**What you need to do**
Leave out the pictures and repeat exactly the lines from the one containing "Gucci GG Supreme" through the end of the records.

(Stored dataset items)

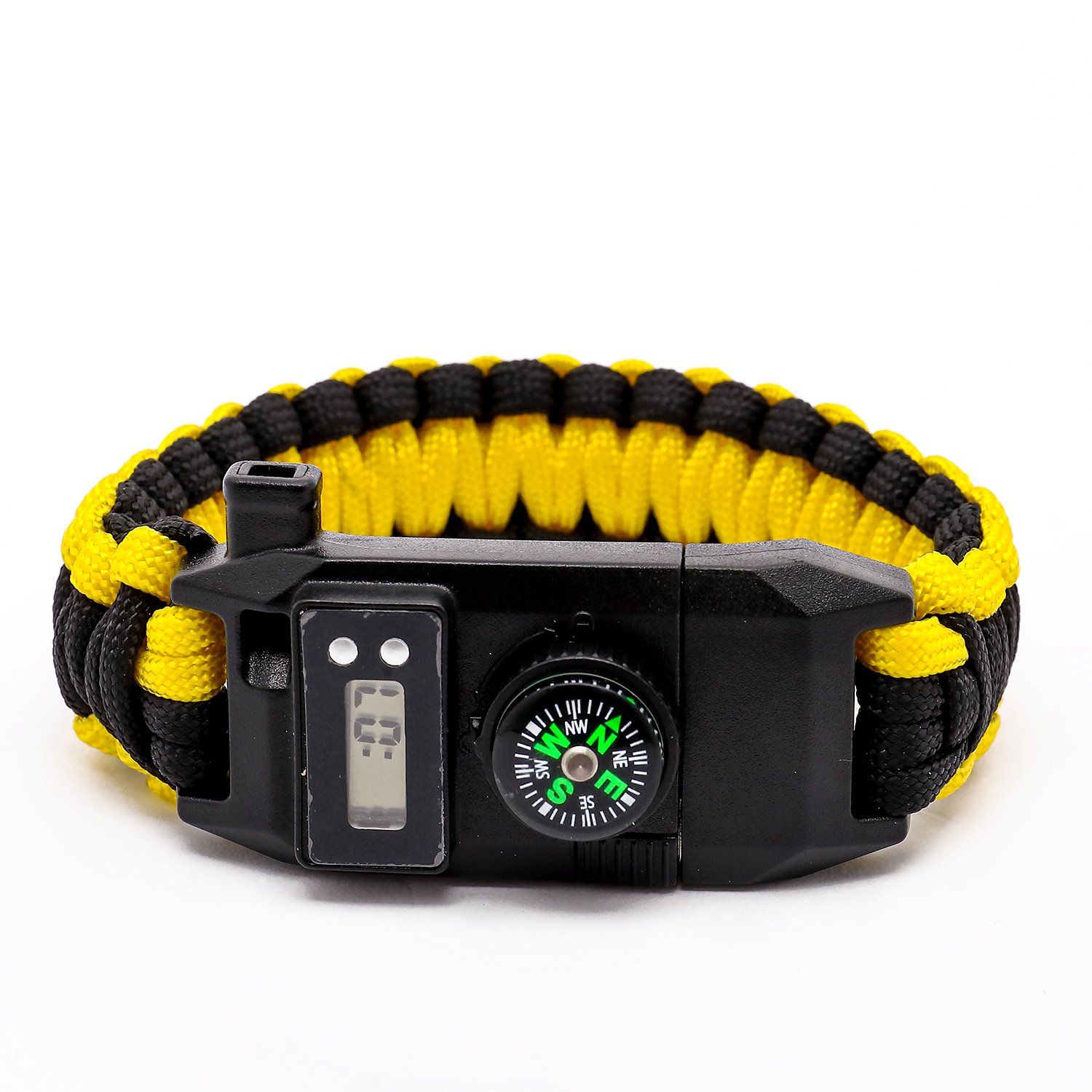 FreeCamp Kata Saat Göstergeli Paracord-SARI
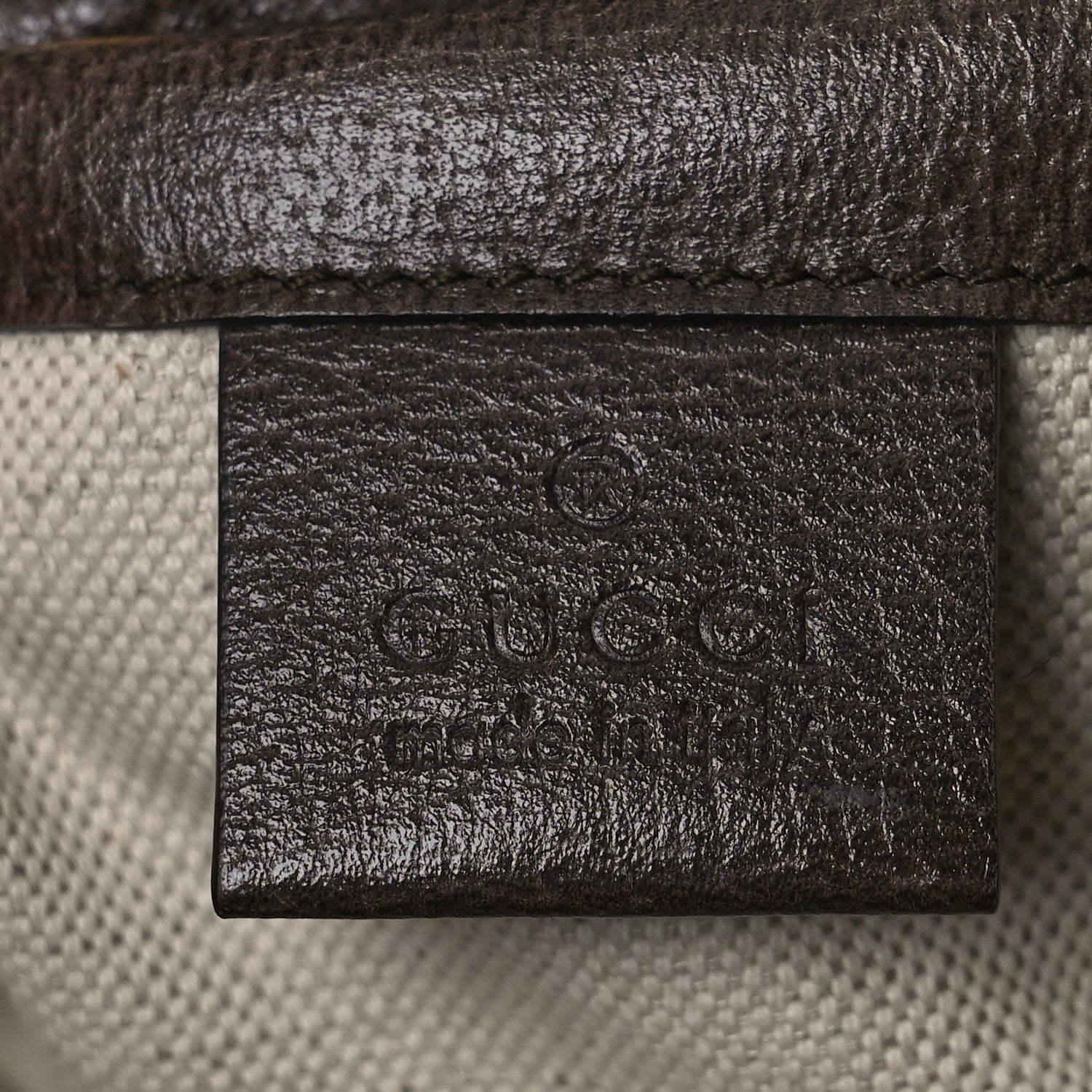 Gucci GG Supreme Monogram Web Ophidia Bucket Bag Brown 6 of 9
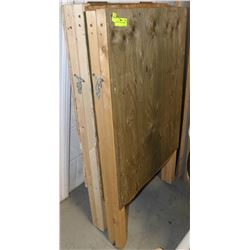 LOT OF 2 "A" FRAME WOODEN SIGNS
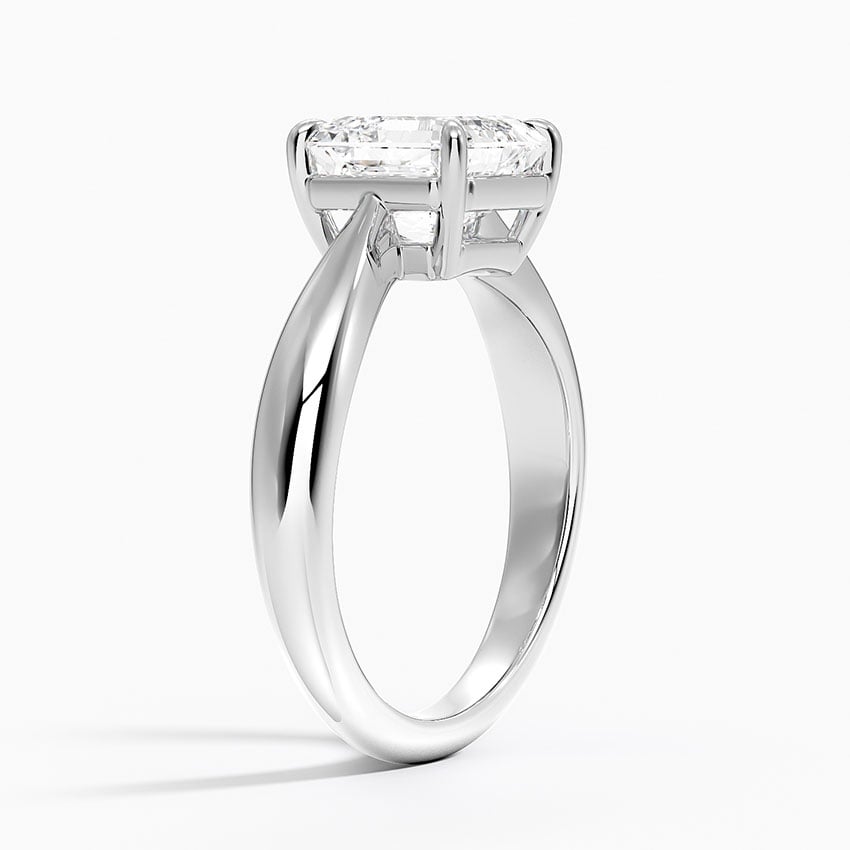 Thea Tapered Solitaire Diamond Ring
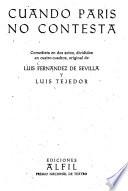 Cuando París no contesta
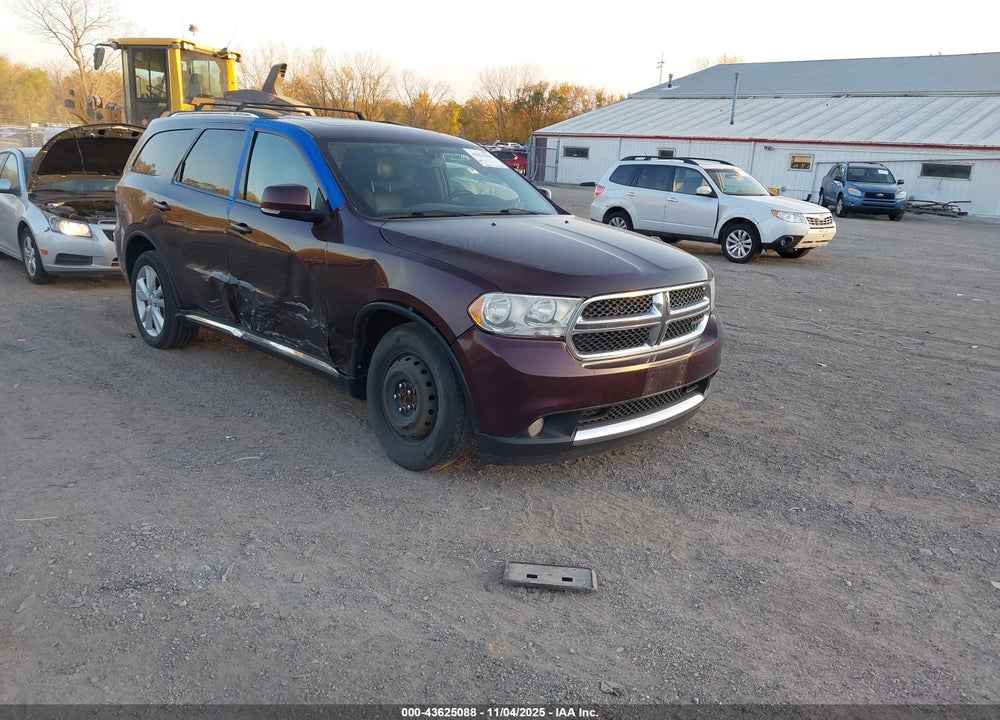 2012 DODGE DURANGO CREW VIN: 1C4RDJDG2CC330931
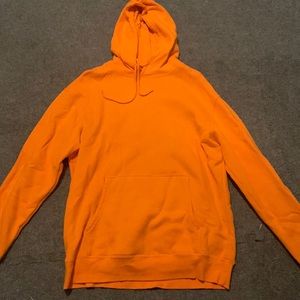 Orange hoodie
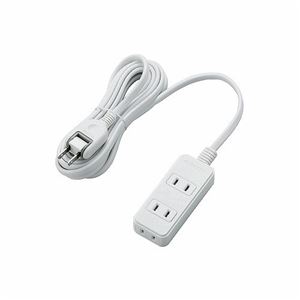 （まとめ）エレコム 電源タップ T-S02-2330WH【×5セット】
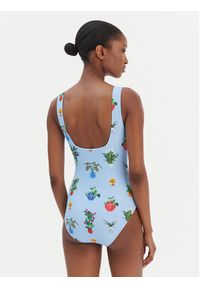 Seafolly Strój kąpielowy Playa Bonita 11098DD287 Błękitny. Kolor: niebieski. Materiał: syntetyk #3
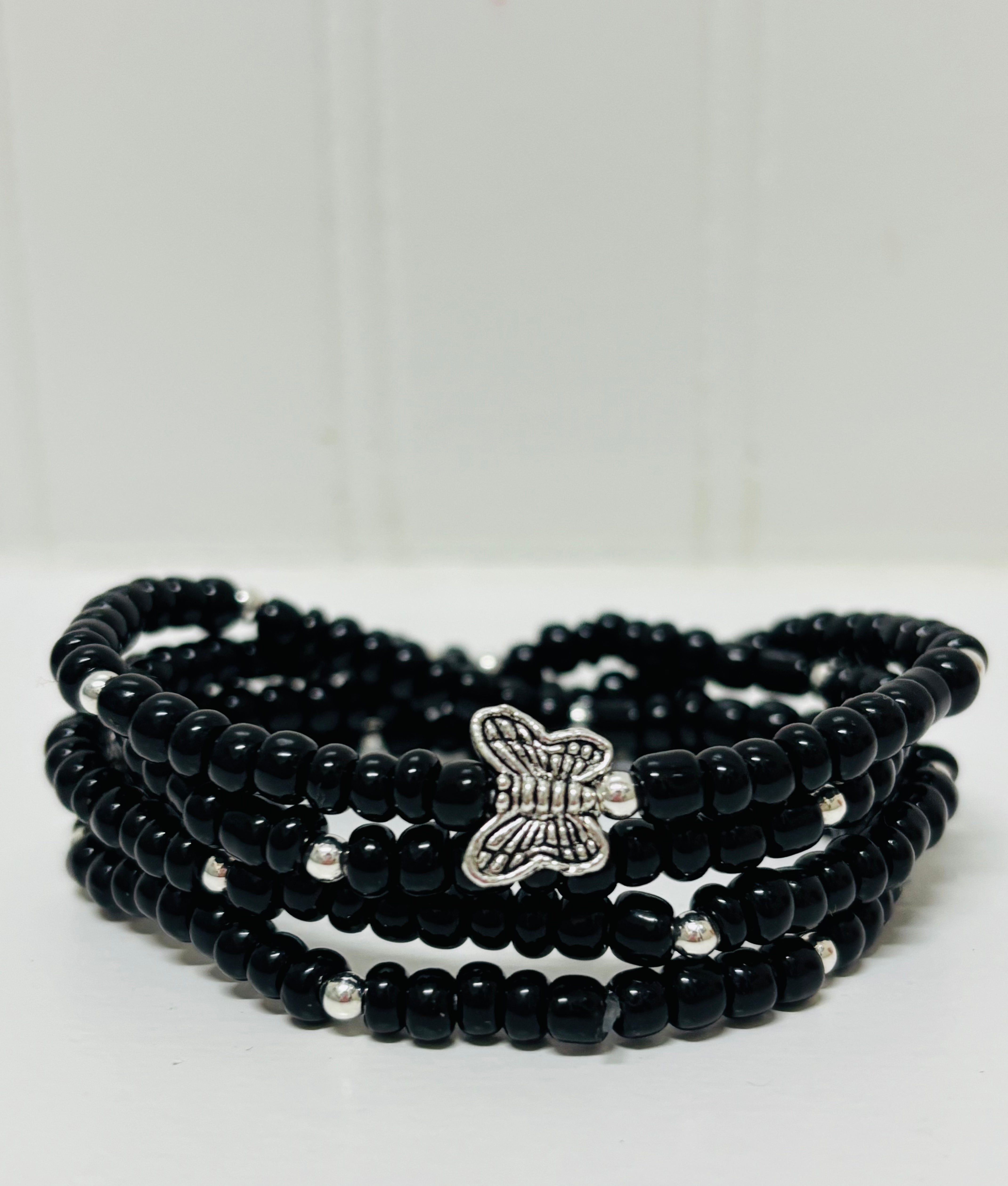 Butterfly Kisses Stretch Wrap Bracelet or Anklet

**Output**
 Gucci GG Supreme Monogram Web Ophidia Bucket Bag Brown 6 of 9
 LOT OF 2 "A" FRAME WOODEN SIGNS
 Thea Tapered Solitaire Diamond Ring
 Cuando París no contesta
 2012 DODGE DURANGO CREW VIN: 1C4RDJDG2CC330931
 Orange hoodie
 （まとめ）エレコム 電源タップ T-S02-2330WH【×5セット】
 Seafolly Strój kąpielowy Playa Bonita 11098DD287 Błękitny. Kolor: niebieski. Materiał: syntetyk #3
 Butterfly Kisses Stretch Wrap Bracelet or Anklet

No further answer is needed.